* _Exercise_: Find "10K Yellow Gold Diamonds Chain With Pendant" and "Skull With A" in the records below. Copy the lines holding them and every line between, exactly, and no others.

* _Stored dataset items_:
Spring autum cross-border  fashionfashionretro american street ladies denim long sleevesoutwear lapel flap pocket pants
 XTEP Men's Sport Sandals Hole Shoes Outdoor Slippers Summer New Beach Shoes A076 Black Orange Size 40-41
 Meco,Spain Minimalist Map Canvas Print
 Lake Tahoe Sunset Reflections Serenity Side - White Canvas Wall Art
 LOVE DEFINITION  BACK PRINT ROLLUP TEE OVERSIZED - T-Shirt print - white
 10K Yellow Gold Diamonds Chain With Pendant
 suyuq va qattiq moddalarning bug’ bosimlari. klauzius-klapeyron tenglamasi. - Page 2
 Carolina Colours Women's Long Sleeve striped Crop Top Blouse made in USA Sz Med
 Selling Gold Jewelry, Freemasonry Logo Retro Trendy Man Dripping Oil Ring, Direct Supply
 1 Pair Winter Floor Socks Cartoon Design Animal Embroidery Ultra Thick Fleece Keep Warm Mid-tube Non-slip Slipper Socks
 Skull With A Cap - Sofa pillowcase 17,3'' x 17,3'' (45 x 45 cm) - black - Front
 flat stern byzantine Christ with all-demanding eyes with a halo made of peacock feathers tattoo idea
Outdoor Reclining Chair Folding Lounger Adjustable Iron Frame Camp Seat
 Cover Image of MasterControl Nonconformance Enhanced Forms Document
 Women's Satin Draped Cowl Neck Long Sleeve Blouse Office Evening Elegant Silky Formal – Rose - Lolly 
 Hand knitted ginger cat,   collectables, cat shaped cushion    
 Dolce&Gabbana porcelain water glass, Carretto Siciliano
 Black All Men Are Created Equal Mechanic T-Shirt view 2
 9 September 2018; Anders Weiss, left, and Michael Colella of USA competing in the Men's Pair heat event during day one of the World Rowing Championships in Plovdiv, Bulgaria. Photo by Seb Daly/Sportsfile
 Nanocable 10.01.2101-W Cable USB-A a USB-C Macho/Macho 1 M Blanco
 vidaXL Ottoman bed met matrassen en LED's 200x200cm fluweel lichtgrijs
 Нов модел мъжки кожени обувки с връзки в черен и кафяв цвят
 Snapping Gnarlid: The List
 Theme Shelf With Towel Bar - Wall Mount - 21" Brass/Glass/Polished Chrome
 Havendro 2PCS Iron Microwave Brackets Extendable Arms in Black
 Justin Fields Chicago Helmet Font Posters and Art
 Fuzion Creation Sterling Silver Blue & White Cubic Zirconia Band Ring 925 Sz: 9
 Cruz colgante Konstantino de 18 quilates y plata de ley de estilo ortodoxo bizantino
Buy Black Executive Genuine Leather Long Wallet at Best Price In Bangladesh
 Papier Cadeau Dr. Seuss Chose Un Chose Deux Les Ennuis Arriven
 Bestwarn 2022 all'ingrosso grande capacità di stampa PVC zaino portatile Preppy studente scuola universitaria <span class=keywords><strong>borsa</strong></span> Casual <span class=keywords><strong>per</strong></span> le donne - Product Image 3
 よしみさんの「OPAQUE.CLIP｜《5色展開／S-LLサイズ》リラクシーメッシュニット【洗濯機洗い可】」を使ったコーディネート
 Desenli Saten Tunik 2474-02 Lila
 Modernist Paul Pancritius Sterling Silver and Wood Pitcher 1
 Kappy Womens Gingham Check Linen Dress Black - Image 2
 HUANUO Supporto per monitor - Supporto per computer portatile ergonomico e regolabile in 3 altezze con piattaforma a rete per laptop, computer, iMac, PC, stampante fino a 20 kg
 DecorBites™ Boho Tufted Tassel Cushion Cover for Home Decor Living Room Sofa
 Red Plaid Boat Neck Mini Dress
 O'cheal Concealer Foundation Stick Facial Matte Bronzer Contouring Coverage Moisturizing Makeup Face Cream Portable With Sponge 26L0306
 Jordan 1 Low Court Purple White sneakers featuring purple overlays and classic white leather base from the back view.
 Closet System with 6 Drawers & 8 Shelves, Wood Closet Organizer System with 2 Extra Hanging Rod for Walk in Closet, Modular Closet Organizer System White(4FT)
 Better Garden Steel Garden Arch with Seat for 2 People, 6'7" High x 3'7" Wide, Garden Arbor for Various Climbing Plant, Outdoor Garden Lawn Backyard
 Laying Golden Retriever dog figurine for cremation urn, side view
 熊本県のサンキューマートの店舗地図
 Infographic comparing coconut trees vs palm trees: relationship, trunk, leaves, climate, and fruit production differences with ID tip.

* _Response for this exercise_:
 10K Yellow Gold Diamonds Chain With Pendant
 suyuq va qattiq moddalarning bug’ bosimlari. klauzius-klapeyron tenglamasi. - Page 2
 Carolina Colours Women's Long Sleeve striped Crop Top Blouse made in USA Sz Med
 Selling Gold Jewelry, Freemasonry Logo Retro Trendy Man Dripping Oil Ring, Direct Supply
 1 Pair Winter Floor Socks Cartoon Design Animal Embroidery Ultra Thick Fleece Keep Warm Mid-tube Non-slip Slipper Socks
 Skull With A Cap - Sofa pillowcase 17,3'' x 17,3'' (45 x 45 cm) - black - Front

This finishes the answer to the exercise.